It has to be said that if these guys aren't influenced by the likes of The Beatles, Stone Roses or even Oasis then bread doesn't always fall butter side down. Singer/songwriter Will Lillejord shows how to use an acoustic guitar in songs without making it sound dull a la Nutini, Gray et al. The Ive prove that if you add instruments, beats and sounds around an acoustic guitar then it can work. That alone warrants a medal.
Kicking off with 'Fifty-two Charges', as lively a start to an album as you'll hear all year, and a perfect introduction at that. As heavy hitting drumbeats collide with spiralling guitar riffs, it isn't hard to see why indie legend Mani is already a fan The band could be best described as the transitional period from Stone Roses to Oasis, as the likes of 'Rendezvous' and 'Bloodshot Eyes' ably demonstrate. Mint Ive also give us all an insight into how far they have come lyrically with 'These Four Walls', which brims with an intensity that twists and turns, ups and downs in many directions. 'Brother' meanwhile shows a more emotional side to Mint Ive that strips away all the lad rock veneer, Lillejord's vocal dripping with feeling.

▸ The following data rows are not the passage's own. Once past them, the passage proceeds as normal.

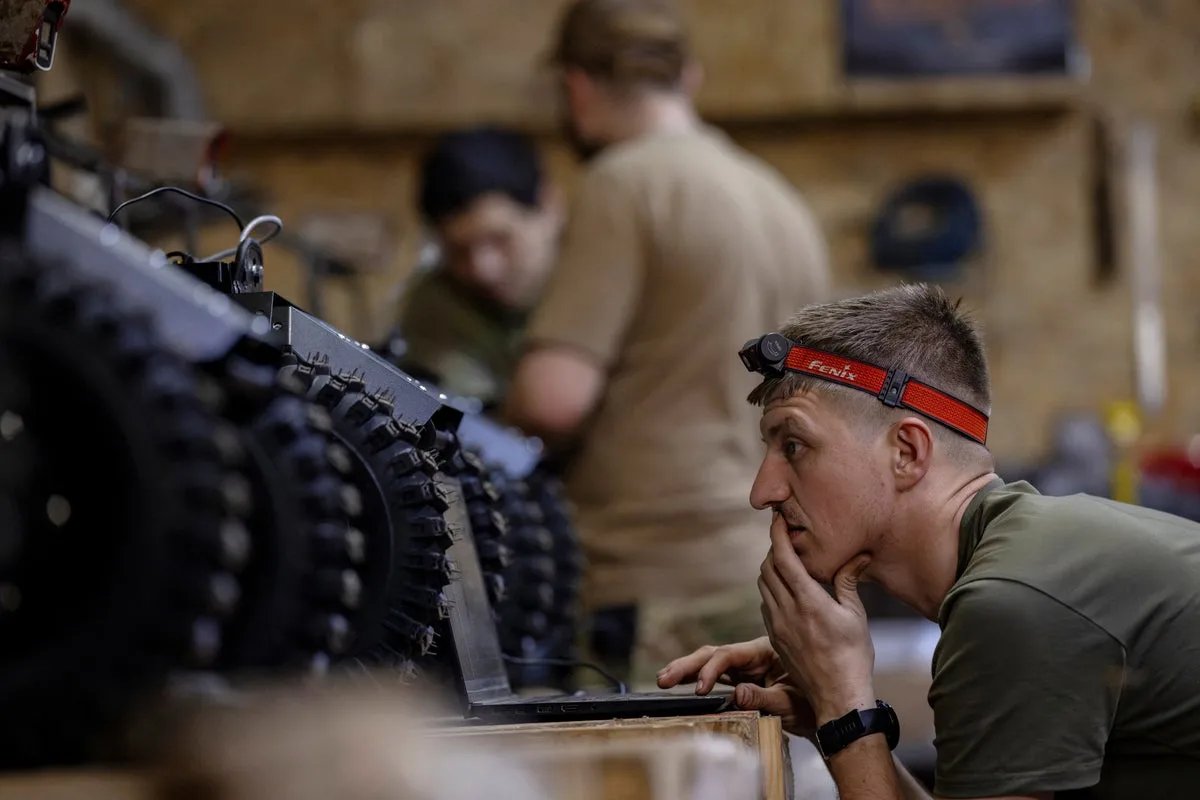 The killer robots behind Ukraine’s warfare ‘revolution’ hunting the frontline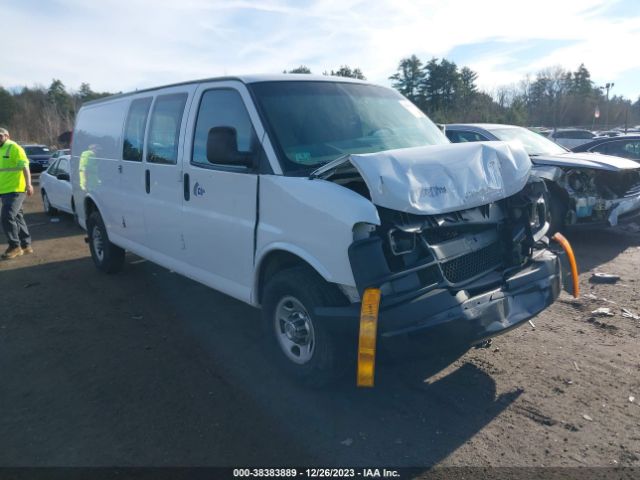 CHEVROLET EXPRESS 2500 2014 1gcwggba0e1123447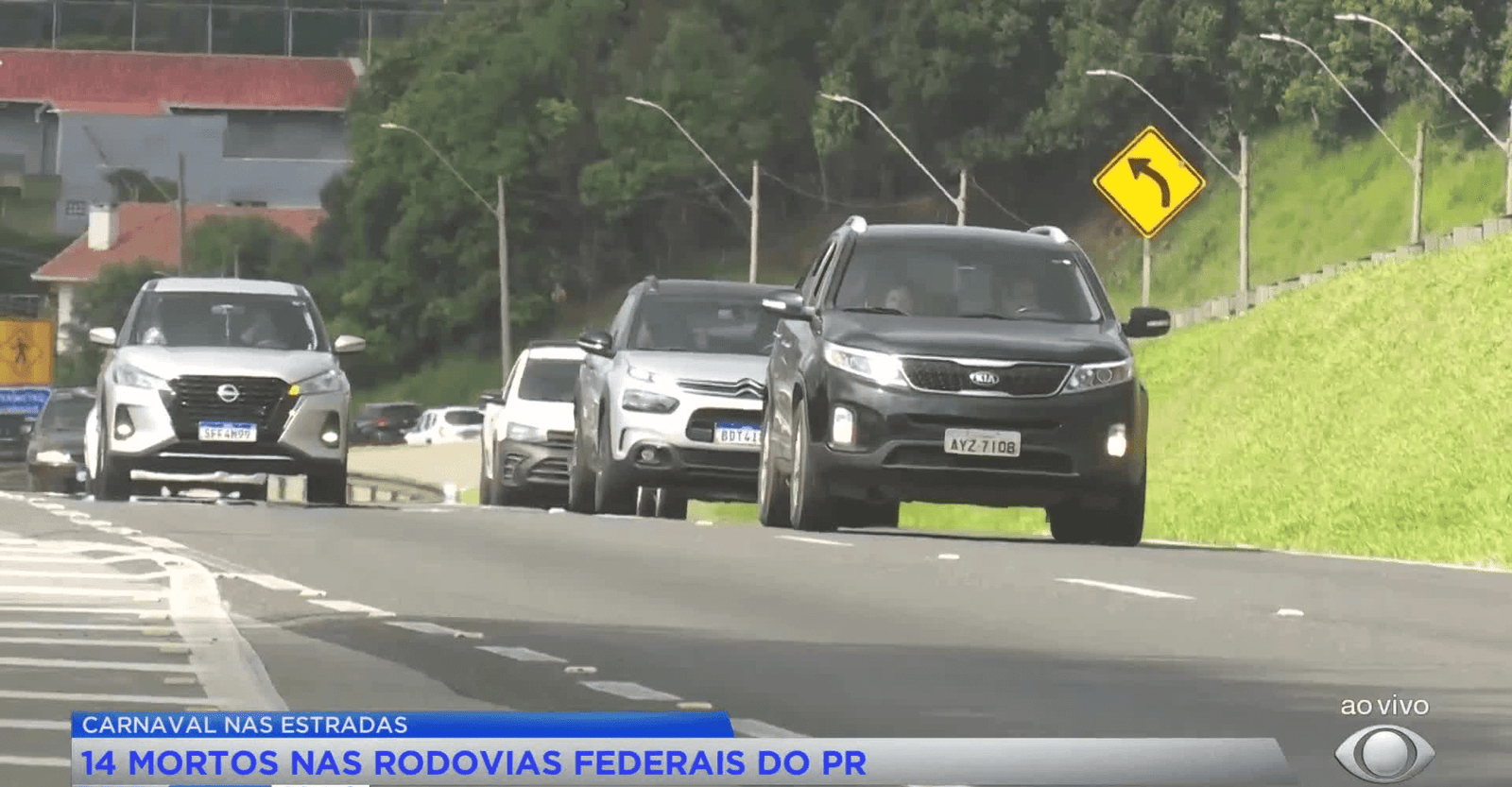 Mortes nas BRs do Paraná sobem 55% no Carnaval 2026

The current line-up of Mint Ive have been together honing their sound since 2005, and their development has obviously stood them in good stead as they look to move onto the next stage. 'The Whispering City' captures a band that is moving forward at a rate of knots, and if things continue at a similar pace, Mint Ive could well be the next big thing to come out of Nottingham since Brian Clough.